What will potential feedback from everyday use (generated by these listening devices) mean for design? Today, if I'm responsible for a steering wheel or office chair, I have little sense of how people actually use it in life. Given how cheap sensors are becoming, who will collect the usage data, package it, and sell it back, potentially to my competitors or (as today) to advertisers? As of a year or two ago, Internet-connected Roombas were sending maps of their owners' houses back to the mothership, to take but one example. Will our physical world parallel the wide use of A/B testing in digital user experience design? What might such an environment look and feel like? (Disneyland might be one guess.)
What will become acceptable that was problematic only a few years ago? How will we know who's watching, listening, measuring, counting? What will be the legislative responses, and how much will they reflect massive lobbying by Facebook, Google, Amazon, games companies, insurers, and other businesses with many billions of dollars at stake? Google alone has been fined more than $9 billion for privacy violations by the EU in the past 3 years and it's hard to see any change in the company's culture or behavior. If fines don’t change anything, what will?
Will there be backlash, possibly in the form of a return to analog? A paper diary is invisible and thus worthless to anyone outside the author, and letters may be found to have a new-found charm compared to phone calls, texts, and emails. Movies and songs from streaming services can disappear suddenly: will more people want the certainty of physical ownership?

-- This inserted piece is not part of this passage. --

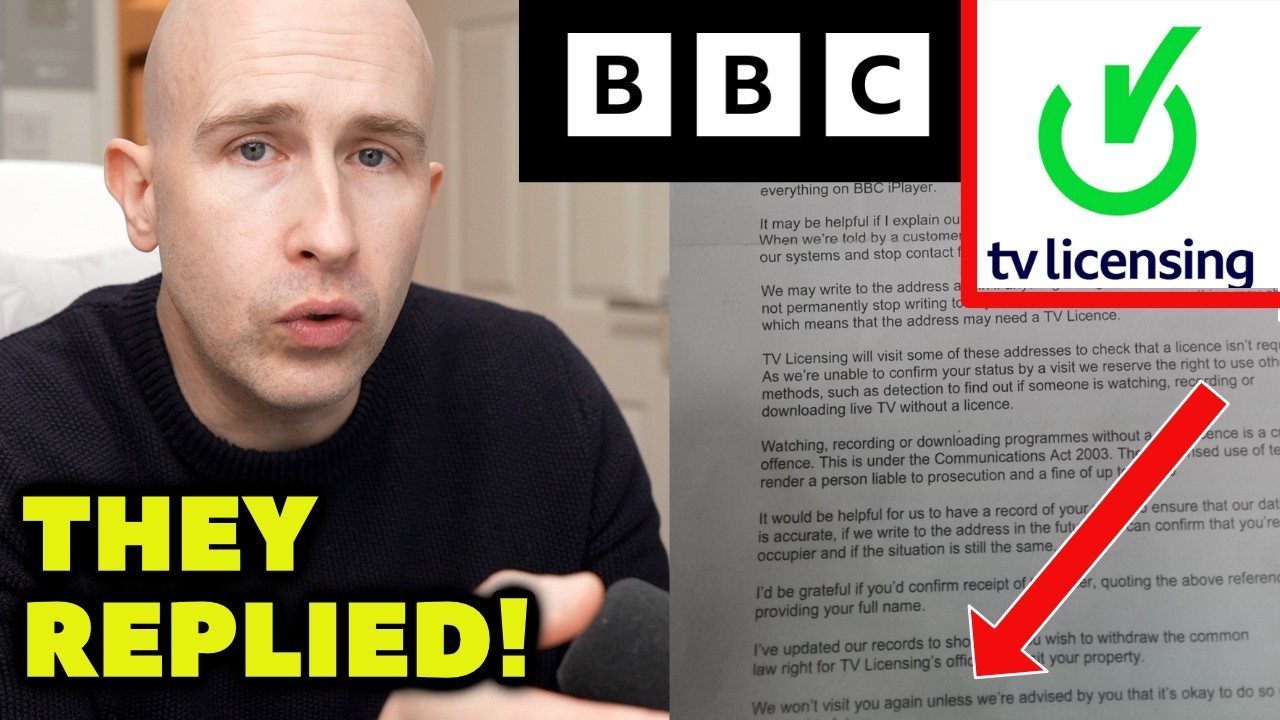 TV Licensing RESPONDED!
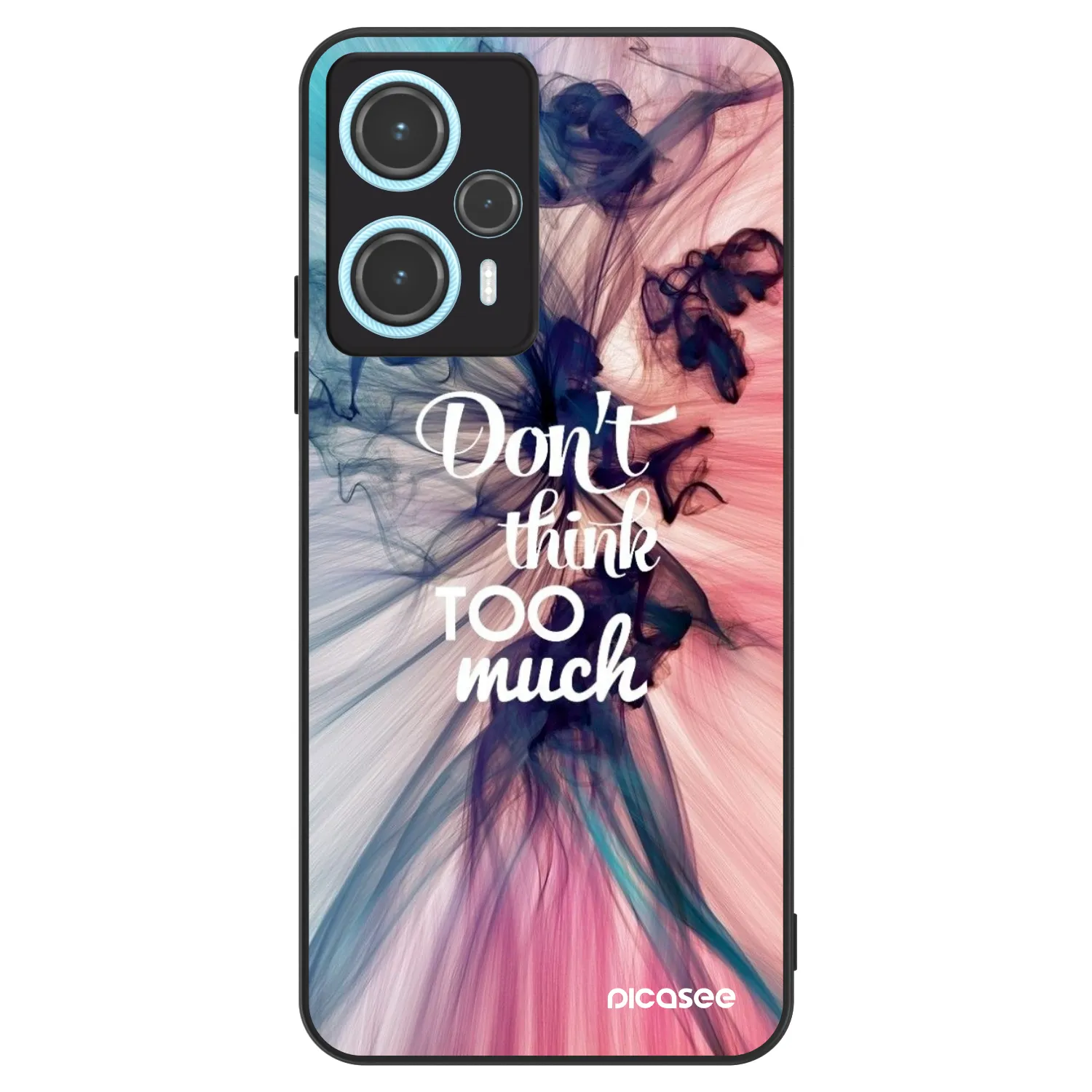 Picasee ULTIMATE CASE na Xiaomi Poco F5 - Don't think TOO much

Will any other deep-seated emotions overcome the fear of missing out that drives so much attraction to social media among my students who realize some of the costs of their use of the various services?
Never before have so many people been micro-targeted in massive behavioral experiments with little or no regulation or accountability. This is deeply concerning. Given the resilience of the human psyche, it's unclear what will turn out to be injurious, enhancing, and/or background noise in the long-term view of these matters: at the same time that people can survive horrific experiences, little nudges can also add up. Looking back from 2030 or 2050, what will people view of today’s world with amusement, horror, disgust, or bewilderment? What will be the equivalent of Big Tobacco, asbestos, margarine, or the moon landing?
One question looms large: given the pervasiveness of this stuff, how will anyone be able to find control populations for meaningful research? That is, how can anyone compare a psyche that is under constant surveillance and manipulation to that of someone with fewer external factors at work? That leaves us where we started: what Zuboff calls “surveillance capitalism” appears to have become normalized, another extension of Sun Microsystems CEO Scott McNealy’s 1999 admonition to “get over it” when people asked him about privacy.
The fact that such an attitude was shocking 20 years ago feels almost quaint in light of the intervening revelations about Facebook, the NSA, and dozens of entities in between: what McNealy controversially saw as routine was significantly less invasive than what is done today. It feels a bit like the parable (now well debunked) of the frog in boiling water. Whether the metaphorical water is heating fast or slowly, it does seem like some jumping out of the pot might be in order, and quickly.